The Christian libertarian will ask this question of his fellow Christians:
When the community has a problem to solve or has a worthy goal to reach, do we demand a solution which requires state compulsion? Or might we be willing to find a voluntary solution in place of a coercive solution?
Is there any Christian principle that favors state coercion over other courses? In the last post, we examined the concept of subsidiarity which favors life ordered at the lowest level possible. Subsidiarity means finding solutions at the individual and family levels first. Then come the church and other voluntary associations, including private enterprise. An ordered subsidiarity leaves no place for coercive government where the common good is served by individual and intermediary levels of society.
When issues are addressed at individual and intermediate levels there is no place for the initiation of force. Only the state presumes to use violence in its normal course of business—not only in response to aggression, which may well be legitimate—but simply to compel or prevent the conduct of others, as it may desire.

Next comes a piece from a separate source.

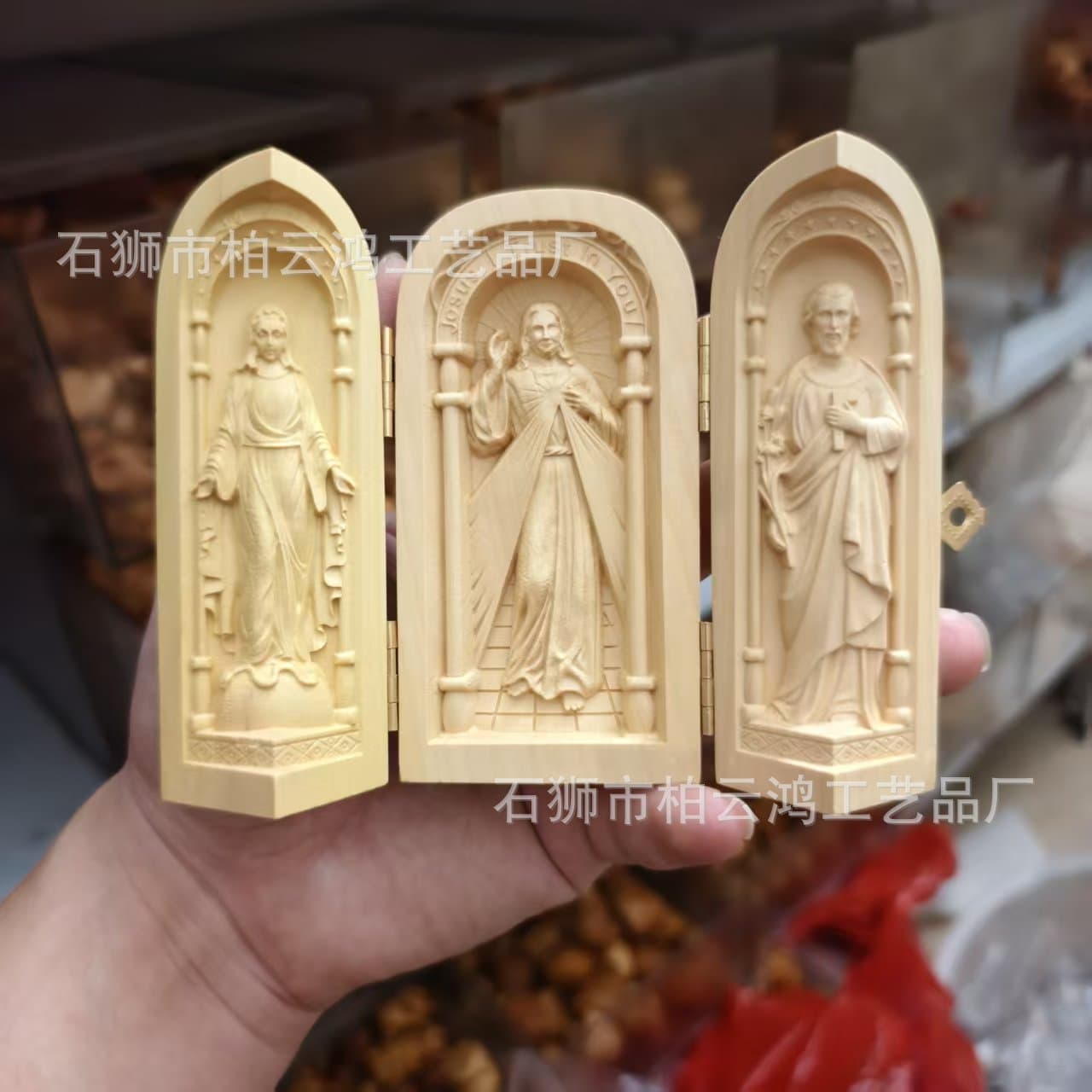 Boxwood Carved Portable Buddhist Shrine with Thousand-Armed Guanyin Bodhisattva, Western Three Saints Statue, Three-Panel Box, Home Decoration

Respect for subsidiarity in society would require that all questions be addressed at the lowest possible level of society, none of which have a recognized right to use force as a tool for problem-solving. Is such a preference for non-violence reasonable? Most people would agree that nations—in their dealings with other nations—should seek peaceful solutions to their problems, condoning violence only as a last resort in the arena of international relations. If non-violence is preferable in dealing with nations, even hostile nations, how much more should coercion be avoided in dealing with our own neighbors here at home.
We, as Christian libertarians, propose voluntary, non-coercive solutions. We will argue that charity, mutual aid and lifting barriers to honest work are better solutions to poverty than the welfare state. We are suggest that drug abuse is a social problem, a mental health and spiritual problem, but not a criminal one. We will contend that any armed forces must be limited to self-defense, rather than messing around in other countries’ business.
As a moral issue, no Christian should choose violence when a voluntary solution is available. This does not make us libertines. It does not make us selfish individualists. We do not dissent from the doctrines or moral teachings of the Church. We do, however, respect our neighbor and afford him the dignity to live free; to let him think, worship, and act peaceably according to his own conscience.